Les hommes politiques ont été au cœur de décisions cruciales aux lourdes conséquences. Ils ont entre autres porté une attention particulière à la promotion de l’effort de guerre dans un contexte obligé de censure. Sir Samuel Hughes, le controversé ministre de la Milice et de la Défense au jugement douteux, a joué un rôle majeur dans l’organisation militaire du pays. Le premier ministre sir Robert Laird Borden a fait adopter des politiques audacieuses touchant à divers domaines, dont celui de la gestion de l’économie qui a été radicalement transformée, tel que le montre la biographie de sir Joseph Wesley Flavelle. L’une de ces politiques, la conscription militaire imposée en 1917 par suite d’un recrutement volontaire insuffisant, a conduit le pays à la division entre la majorité des Canadiens français, qui s’y opposaient, et la majorité des Canadiens anglais, qui l’approuvaient. Ravagée, l’unité nationale s’est alors fragilisée comme jamais depuis les jours sombres du rapport de John George Lambton, 1er comte de Durham, comme en témoignent les biographies de sir Wilfrid Laurier et d’Henri Bourassa. La violence s’est étendue jusqu’à la paisible ville de Québec, où elle a provoqué la mort de citoyens. Des pacifistes, comme David Wells, se sont également immiscés dans ce débat, pendant que des minorités ethniques et des immigrants subissaient, entre autres, l’assaut de lois électorales votées pour assurer la concrétisation de cette politique si litigieuse de Borden.

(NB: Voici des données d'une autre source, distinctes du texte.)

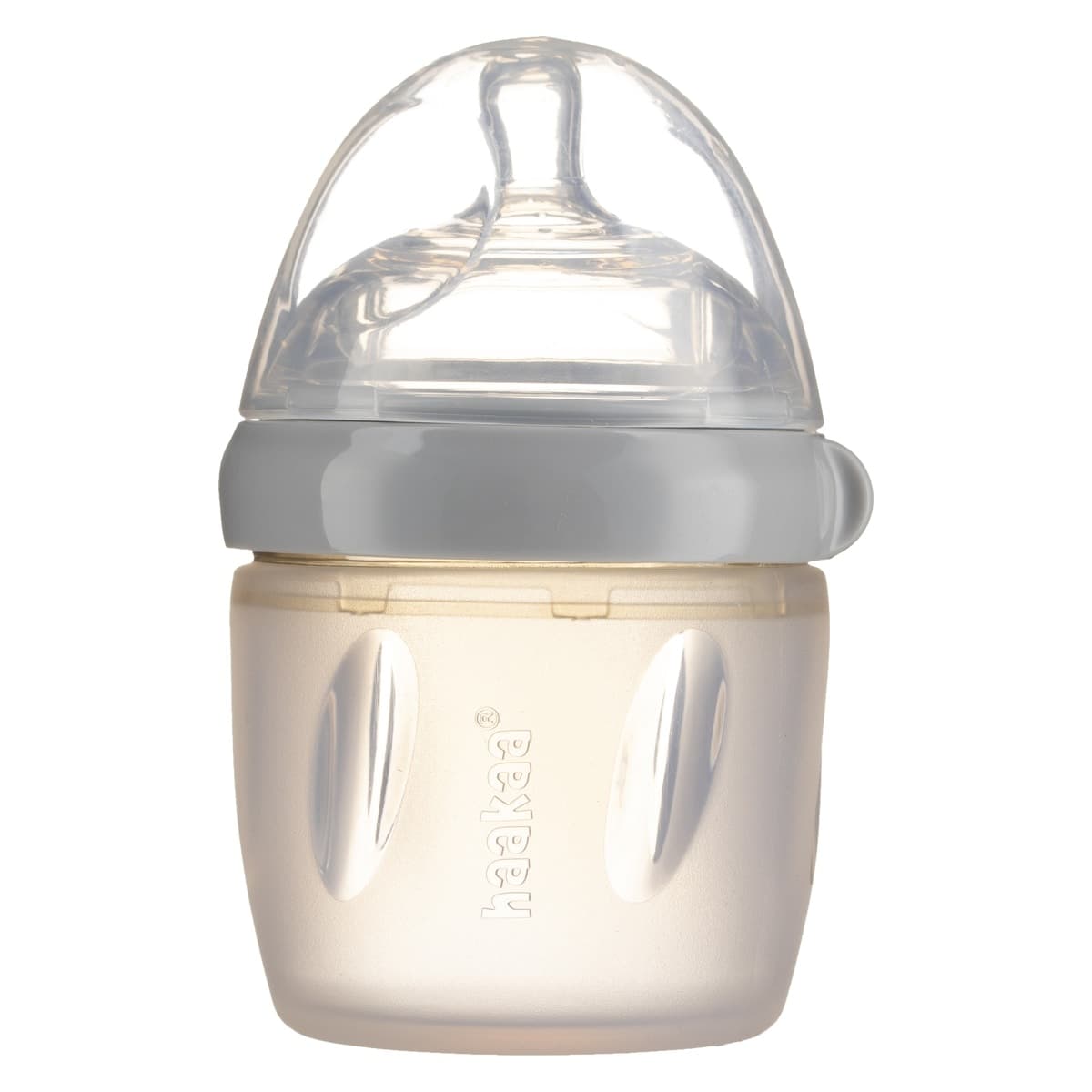 Thumbnail Haakaa Generation 3 Silicone Baby Bottle Grey 160ml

Les Canadiens et les Canadiennes inspirés par l’idéologie de service ont, à leur manière, accompagné les sacrifices des soldats, ce qu’évoque la biographie d’Edna May Williston Best (Sexton). Le poète et médecin John McCrae a fait de même dans un célèbre poème surgi directement des atrocités du front. Plusieurs Canadiens et Canadiennes ont aussi été marqués par l’impact de la guerre dans leur société. Parmi eux figurent en premier lieu les familles des soldats, celles qui ont vécu tristement l’absence qui d’un père qui d’un fils, tel qu’en témoigne la biographie de sir Charles Hibbert Tupper, tout comme celles qui ont parfois péniblement vécu le retour des soldats à la maison, dont certains, à l’instar d’Agar Stewart Allan Masterton Adamson, ont souffert d’un stress post-traumatique. D’autres soldats, notamment ceux provenant des Premières Nations, n’ont quant à eux pas toujours obtenu leur juste part de reconnaissance pour leur contribution à la victoire.

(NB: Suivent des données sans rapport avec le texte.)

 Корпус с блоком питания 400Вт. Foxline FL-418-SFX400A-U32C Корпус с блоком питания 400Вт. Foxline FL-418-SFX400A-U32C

La Première Guerre mondiale a suscité les interprétations les plus diverses. Si certaines, notamment, la glorifient parce qu’elle aurait été à l’origine de la création véritable d’une nation canadienne prête à accéder à l’indépendance de l’Empire britannique, d’autres y voient la cause de la montée d’un nationalisme canadien-français aux tendances séparatistes qui fleurira dans le cours du xxe siècle. D’aucunes appuient plutôt sur ses conséquences sur la politique partisane. Au cœur de l’imposition de la conscription et responsable de la Loi sur les élections en temps de guerre qui a heurté des minorités ethniques, le Parti conservateur a minimisé ses chances de reprendre son ascendant dans la province de Québec et ailleurs au Canada, où le Parti libéral a profité des circonstances pour asseoir plus confortablement sa domination.
La Première Guerre mondiale a obligé le Canada à s’engager dans une grande aventure qui a modifié son caractère et ses ambitions. Les biographies ici présentées en témoignent éloquemment, puisqu’elles racontent la vie de ceux qui l’ont vécue et qui en ont façonné plusieurs caractéristiques.